Dario has stated in countless interviews how his imagination was highly influenced by Italian folk stories involving horrible creatures, as well as those created by legendary German storytellers Hans Christian Andersen and The Grim Brothers. In his adolescence, he also became fond of the literary work of famous American writer Edgar Allan Poe, having horror and tragic imaginaries deeply rooted in his psyche.
He attended a very conservative Catholic high school in Rome, and during this time he started contributing as film critic and columnist for local film and arts magazines. Once his high school education was over, he decided not to attend college and instead he chose to work as a writer for the Rome-based newspaper Paese Sera.
During his time as a columnist in Paese Sera he became close with people related to the Italian film industry, such as director and producer Sergio Leone, for whom he worked as a screenwriter alongside his friend Bernardo Bertolucci for the now classic western film “Once Upon a Time in the West” (Ital. C’era una volta il West) released back in 1969.
The Animal Trilogy.
The Leone film in which Argento contributed was incredibly successful, and that motivated young Argento to pursue his screenwriting and directing ambitions. His first movie, “The Bird with the Crystal Plumage” (Ital. L’ucello dalle piume di cristallo) was released in 1970 and it was received with high appraisal from both critics and the general audience.
“The Bird with the Crystal Plumage” marked an important milestone in the giallo genre, marking also the beginning of Argento’s famous Animal Trilogy. The film was produced by Dario’s father, Salvatore, and included Tony Musante and Suzy Kendall as protagonists.
Today, four decades after its release, “The Bird with the Crystal Plumage” is considered to be one of the most iconic movies in the horror genre, and a mandatory reference to the giallo genre. Most critics consider this film a monolith of the aesthetical violence merged with a gruesome thriller plot, which soon after became Argento’s trademark.

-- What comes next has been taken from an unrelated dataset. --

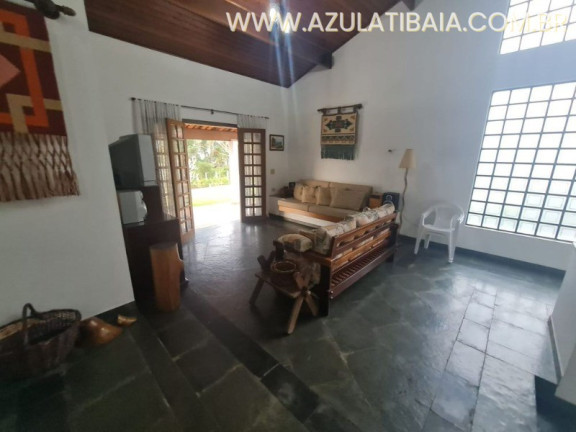 Imagem Imóvel com 3 Quartos à Venda, 2.624 m² em Condominio Horto Ivan - Atibaia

The second Animal Trilogy film was “The Cat o’ Nine Tails” (Ital. Il gatto a nove code) released in the following year. After Argento’s successful directing debut, this film was one of the most expected ones among Italian horror aficionados and film critics. The Cat o’ Nine Tails was also produced by Dario’s father Salvatore Argento, and the music was also in charge of Italian compositor and Dario’s friend Ennio Morricone.
This second film was somewhat acclaimed in Italy and the rest of Europe, and giallo followers usually claim that The Cat o’ Nine Tails is a work of art blending both strong metaphysical symbolism and raw visuals. However, American critics were very strongly disappointed with this film, considering it to have a shallow plot and a clumsy audiovisual development.
What’s more, Argento himself considers this film to be one of his least favorites, agreeing with most of the rough criticism he has received throughout the years. The reason for this apparent disgust regarding the film might be rooted in the fact that it did not reflect Argento's striking style, instead it remained constrained between clichés and a completely non-innovative execution.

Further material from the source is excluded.